Splunk provides binary distributions for Windows and a variety of Unix operating systems. For all Unix operating systems, a compressed .tar file is provided. For some platforms, packages are also provided.
This article is an excerpt taken from the book Implementing Splunk 7 – Third Edition written by James Miller. This book covers the new modules of Splunk: Splunk Cloud and the Machine Learning Toolkit to ease data usage and more.
In this tutorial, you will learn how to deploy Splunk library effectively within your system. It also includes how to set up configuration distributions in Splunk.
If your organization uses packages, such as deb or rpm, you should be able to use the provided packages in your normal deployment process. Otherwise, installation starts by unpacking the provided tar to the location of your choice.
The process is the same, whether you are installing the full version of Splunk or the Splunk universal forwarder.
The typical installation process involves the following steps:
- Installing the binary
- Adding a base configuration
- Configuring Splunk to launch at boot
- Restarting Splunk
Having worked with many different companies over the years, I can honestly say that none of them used the same product or even methodology for deploying software. Splunk takes a hands-off approach to fit in as easily as possible into customer workflows.
Deploying from a tar file
To deploy from a tar file, the command depends on your version of tar. With a modern version of tar, you can run the following command:
tar xvzf splunk-7.0.x-xxx-Linux-xxx.tgz
Older versions may not handle gzip files directly, so you may have to run the following command:
gunzip -c splunk-7.0.x-xxx-Linux-xxx.tgz | tar xvf -
This will expand into the current directory. To expand into a specific directory, you can usually add -C, depending on the version of TAR, as follows:
tar -C /opt/ -xvzf splunk-7.0.x-xxx-Linux-xxx.tgz
Deploying using msiexec
In Windows, it is possible to deploy Splunk using msiexec. This makes it much easier to automate deployment on a large number of machines.
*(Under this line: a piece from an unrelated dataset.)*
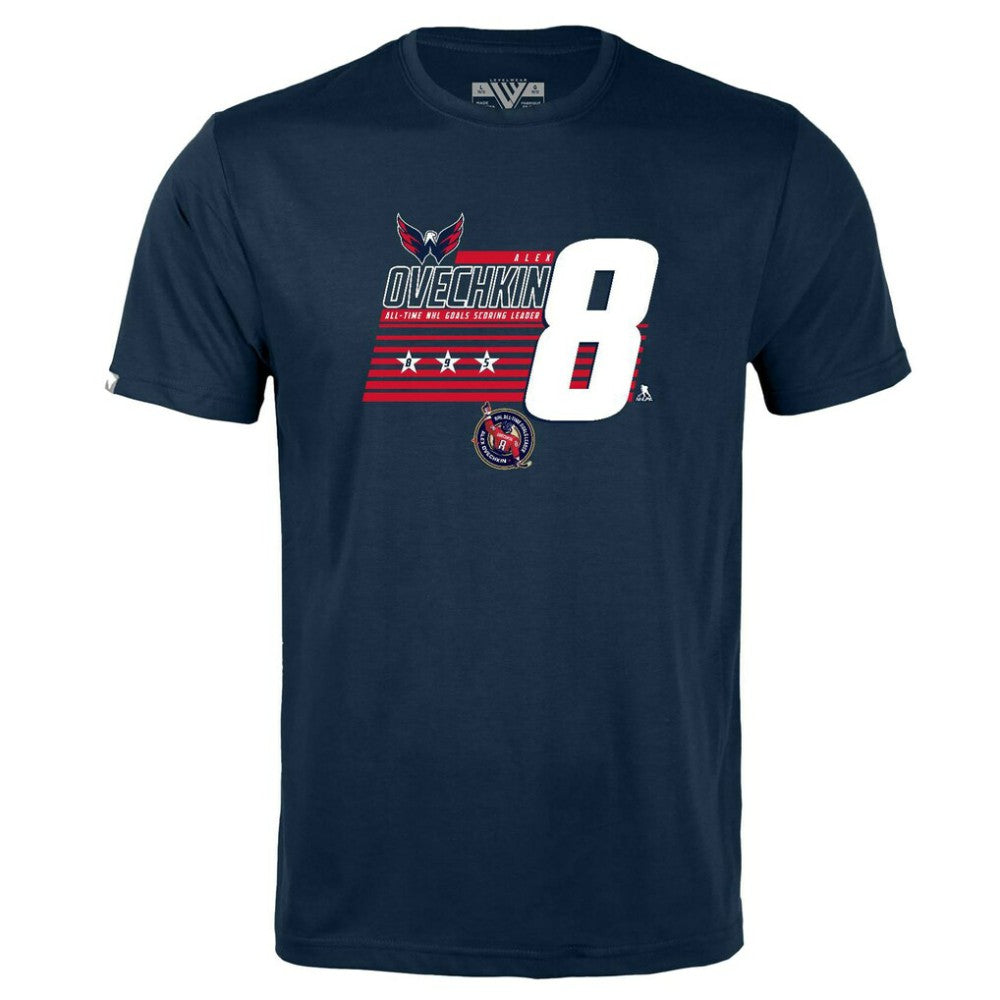Alexander Ovechkin Washington Capitals Levelwear Youth NHL All-Time Leading Goal Scorer Milestone Stripes Name & Number Little Richmond T-Shirt - Navy | US 203056619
To install silently, you can use the combination of AGREETOLICENSE and /quiet, as follows:
msiexec.exe /i splunk-xxx.msi AGREETOLICENSE=Yes /quiet
If you plan to use a deployment server, you can specify the following value:
msiexec.exe /i splunk-xxx.msi AGREETOLICENSE=Yes DEPLOYMENT_SERVER="deployment_server_name:8089" /quiet
Or, if you plan to overlay an app that contains deploymentclient.conf, you can forego starting Splunk until that app has been copied into place, as follows:
msiexec.exe /i splunk-xxx.msi AGREETOLICENSE=Yes LAUNCHSPLUNK=0 /quiet
There are options available to start reading data immediately, but I would advise deploying input configurations to your servers, instead of enabling inputs via installation arguments.
Adding a base configuration
If you are using the Splunk deployment server, this is the time to set up deploymentclient.conf. This can be accomplished in several ways, as follows:
- On the command line, by running the following code:
$SPLUNK_HOME/bin/splunk set deploy-poll deployment_server_name:8089
- By placing a deploymentclient.conf in:
- By placing an app containing deploymentclient.conf in:
The third option is what I would recommend because it allows overriding this configuration, via a deployment server, at a later time. We will work through an example later in the Using Splunk deployment server section.
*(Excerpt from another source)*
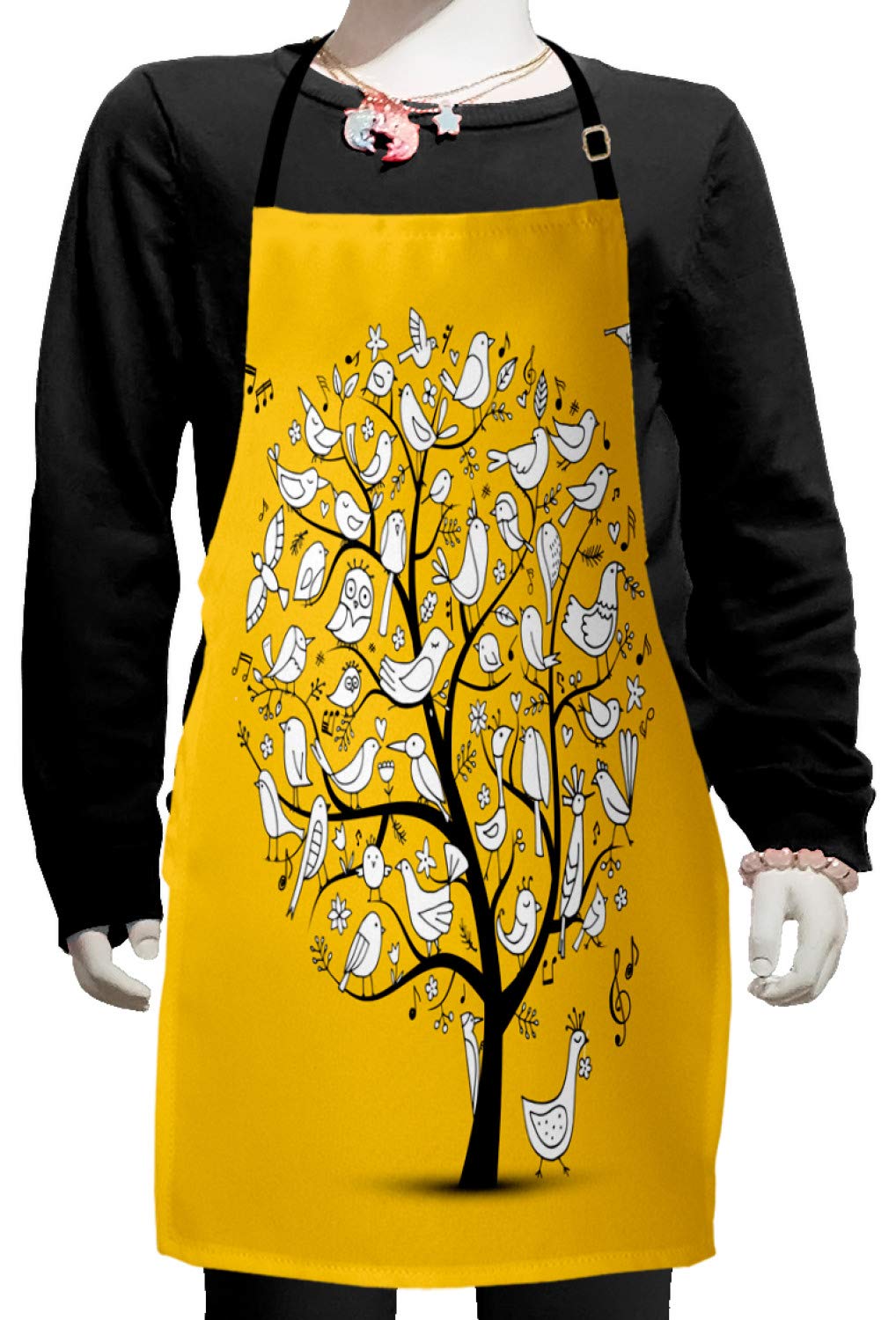 Ambesonne Yellow Bird Apron - Adjustable Baking & Painting Bib for Kitchen & Crafts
If you are deploying configurations in some other way, for instance with puppet, be sure to restart the Splunk forwarder processes after deploying the new configuration.
Configuring Splunk to launch at boot
On Windows machines, Splunk is installed as a service that will start after installation and on reboot.
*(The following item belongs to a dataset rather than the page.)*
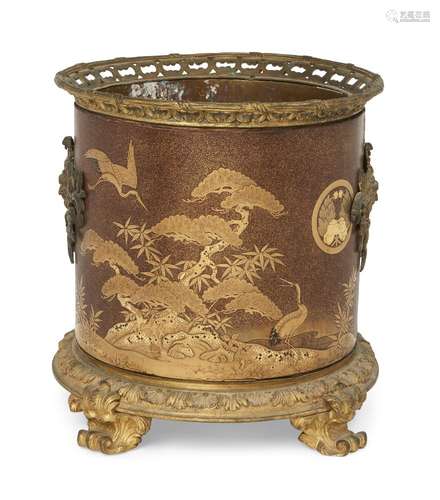 A French ormolu-mounted Japanese lacquer cache-pot, the lacquer Edo period (18th century), the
On Unix hosts, the Splunk command line provides a way to create startup scripts appropriate for the operating system that you are using. The command looks like this:
$SPLUNK_HOME/bin/splunk enable boot-start
To run Splunk as another user, provide the flag -user, as follows:
$SPLUNK_HOME/bin/splunk enable boot-start -user splunkuser
The startup command must still be run as root, but the startup script will be modified to run as the user provided.
If you do not run Splunk as root, and you shouldn’t if you can avoid it, be sure that the Splunk installation and data directories are owned by the user specified in the enable boot-start command. You can ensure this by using chmod, such as in chmod -R splunkuser $SPLUNK_HOME
On Linux, you could then start the command using service splunk start.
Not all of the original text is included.